INFORMATION SHOWN
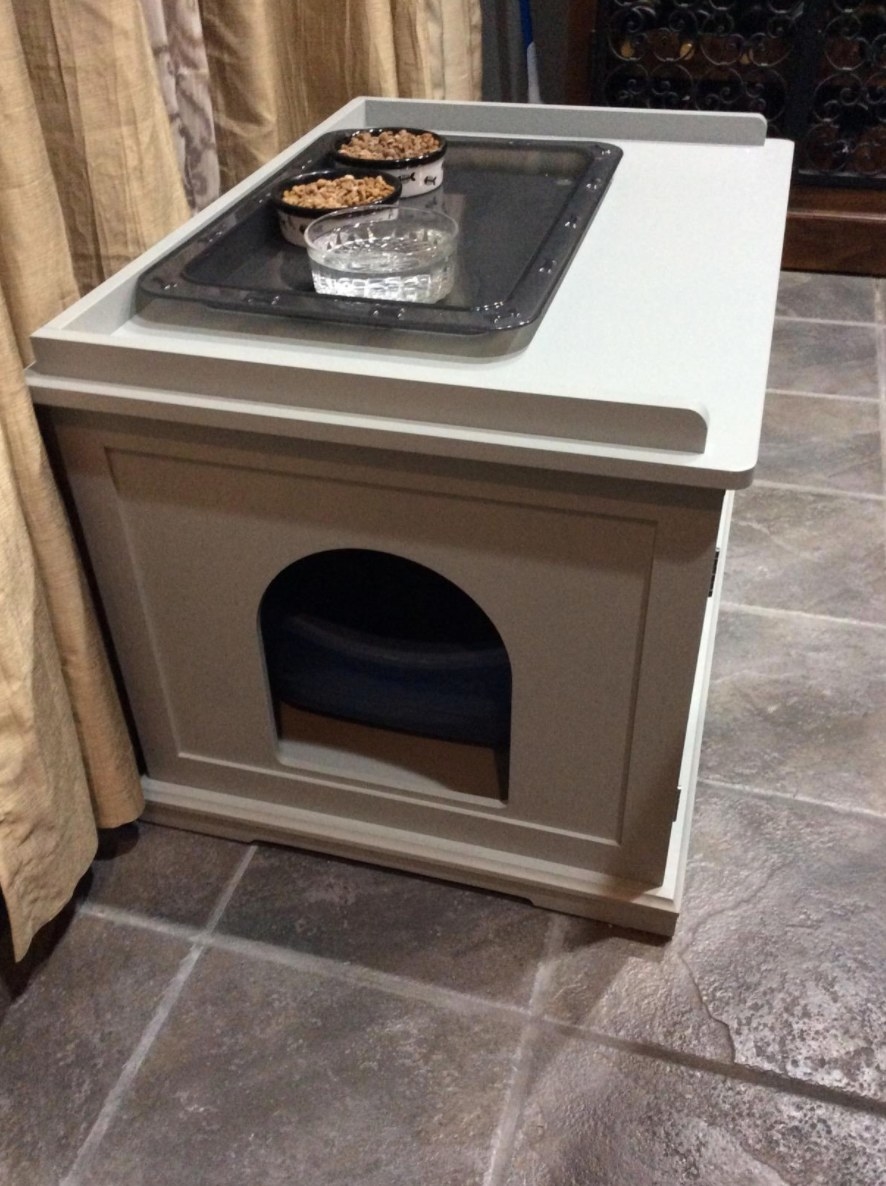 Reviewer&#x27;s image of the litter box storage bench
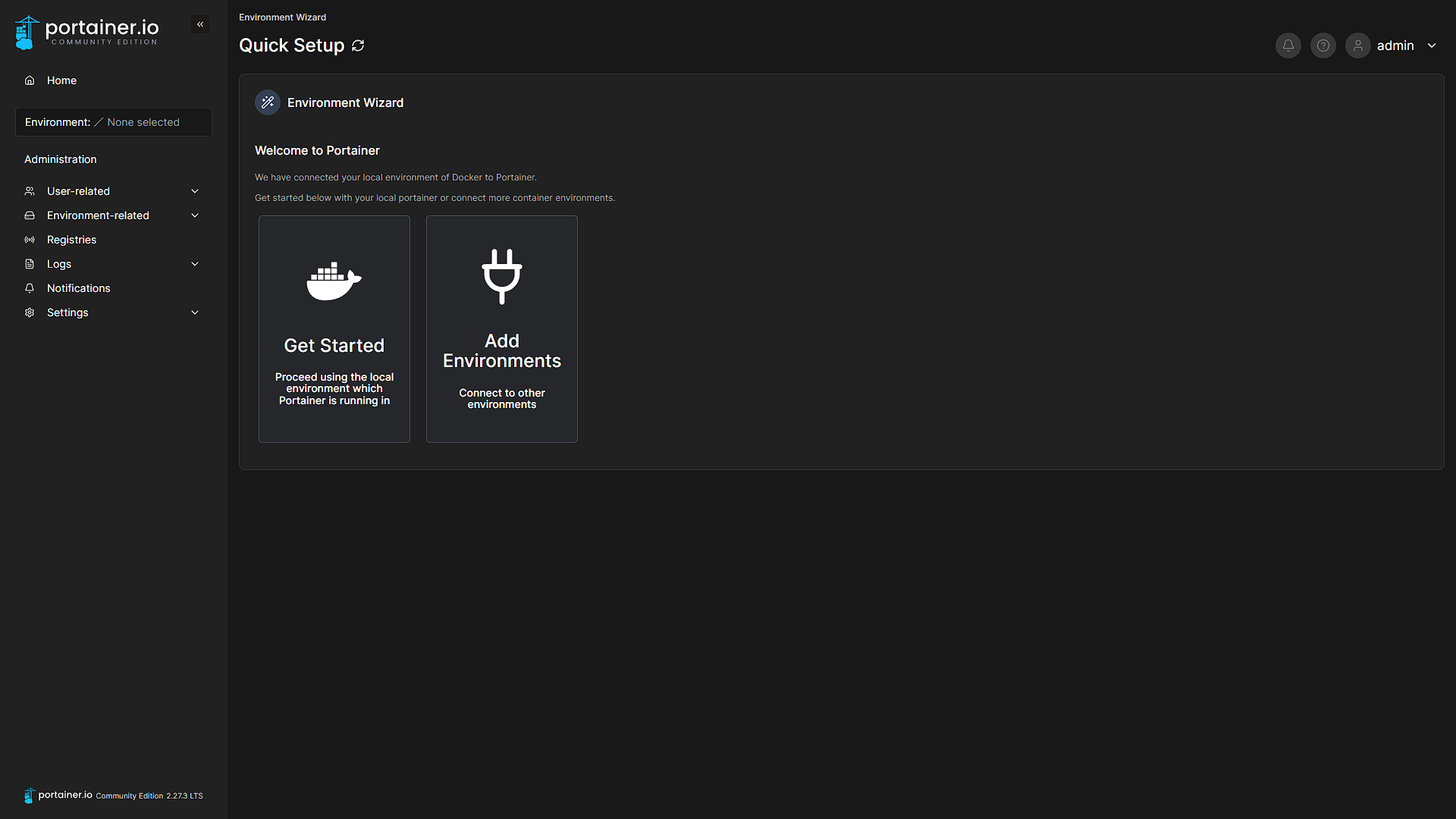 Portainer Setup - 2 - Homepage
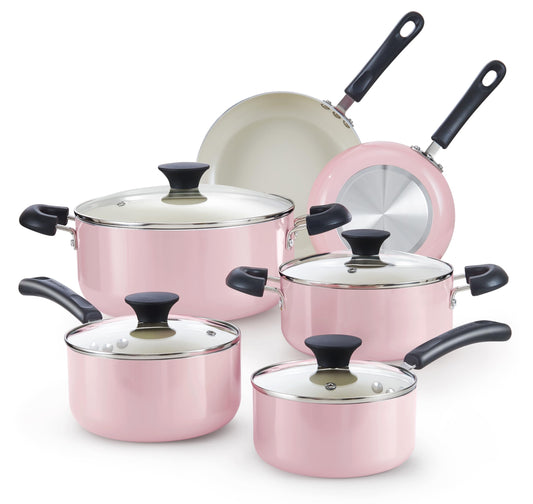 Cook N Home Pots and Pans Set Nonstick, 10-Piece Ceramic Kitchen Cookware Sets, Nonstick Cooking Set with Saucepans, Frying Pans, Dutch Oven Pot with Lids, Pink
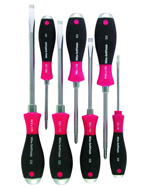 7 Piece - SoftFinish® Cushion Grip Extra Heavy Duty Screwdriver w/ Hex Bolster & Metal Striking Cap Set - #53097 - Includes: Slotted 5.5 - 10.0mm Phillips #1 - 3 - Apex Tool & Supply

GOAL OF THE EXERCISE
Once the pictures are removed, copy the material above exactly.

SOLUTION
 Reviewer&#x27;s image of the litter box storage bench
 Portainer Setup - 2 - Homepage
 Cook N Home Pots and Pans Set Nonstick, 10-Piece Ceramic Kitchen Cookware Sets, Nonstick Cooking Set with Saucepans, Frying Pans, Dutch Oven Pot with Lids, Pink
 7 Piece - SoftFinish® Cushion Grip Extra Heavy Duty Screwdriver w/ Hex Bolster & Metal Striking Cap Set - #53097 - Includes: Slotted 5.5 - 10.0mm Phillips #1 - 3 - Apex Tool & Supply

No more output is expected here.